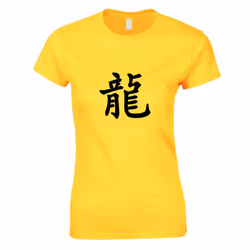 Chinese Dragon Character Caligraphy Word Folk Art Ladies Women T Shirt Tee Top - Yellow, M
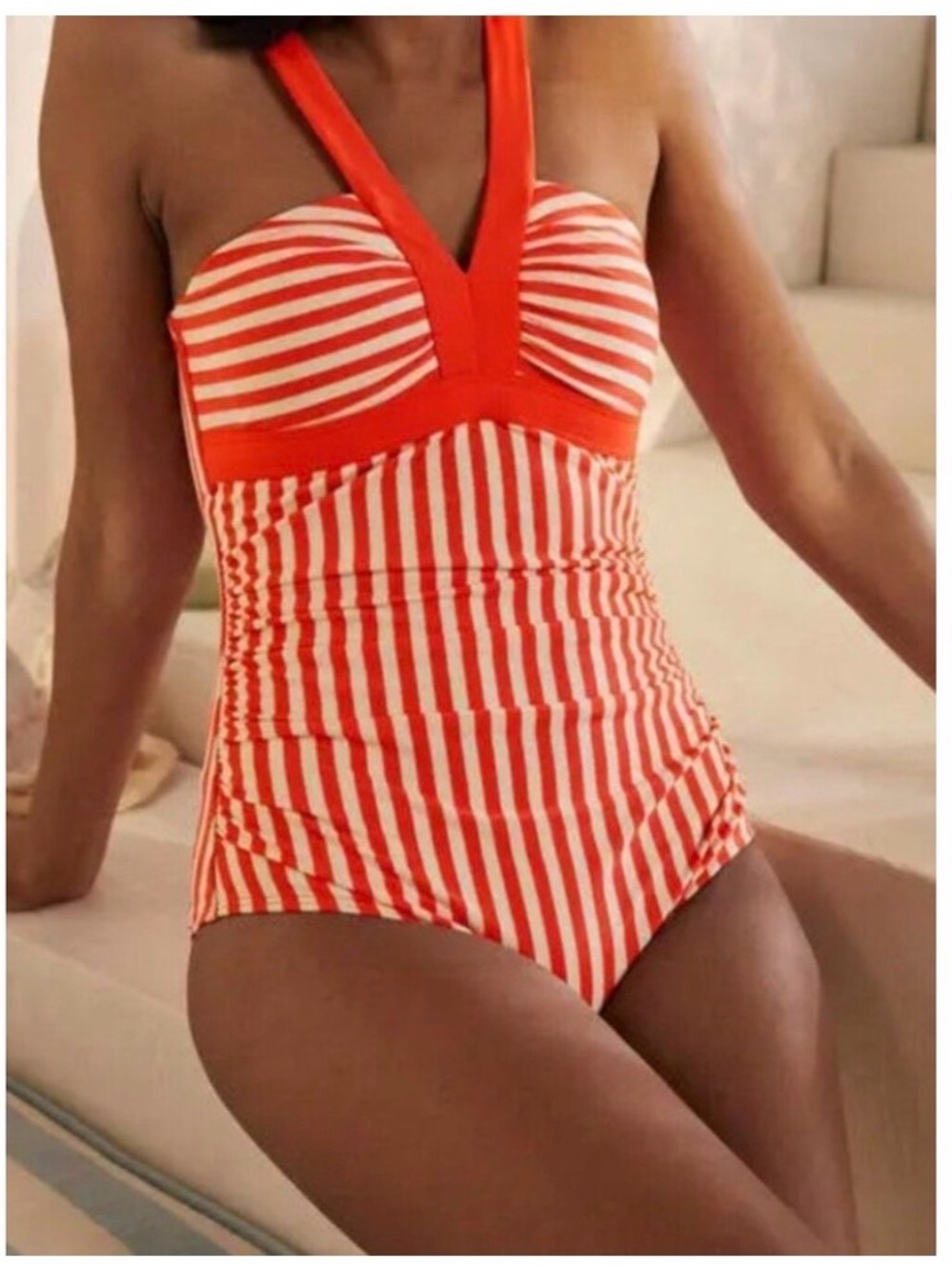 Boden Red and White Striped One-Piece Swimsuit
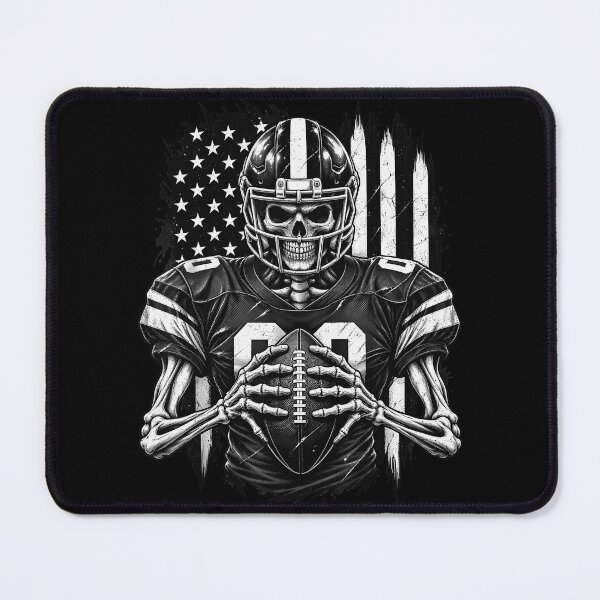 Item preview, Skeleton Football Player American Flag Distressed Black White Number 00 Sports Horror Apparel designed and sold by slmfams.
_ _ _ _ _
**TASK INSTRUCTIONS**.
Where a picture appears in the material above, skip it, and print the rest exactly.

**ANSWER FOR THIS EXERCISE**.
 Chinese Dragon Character Caligraphy Word Folk Art Ladies Women T Shirt Tee Top - Yellow, M
 Boden Red and White Striped One-Piece Swimsuit
 Item preview, Skeleton Football Player American Flag Distressed Black White Number 00 Sports Horror Apparel designed and sold by slmfams.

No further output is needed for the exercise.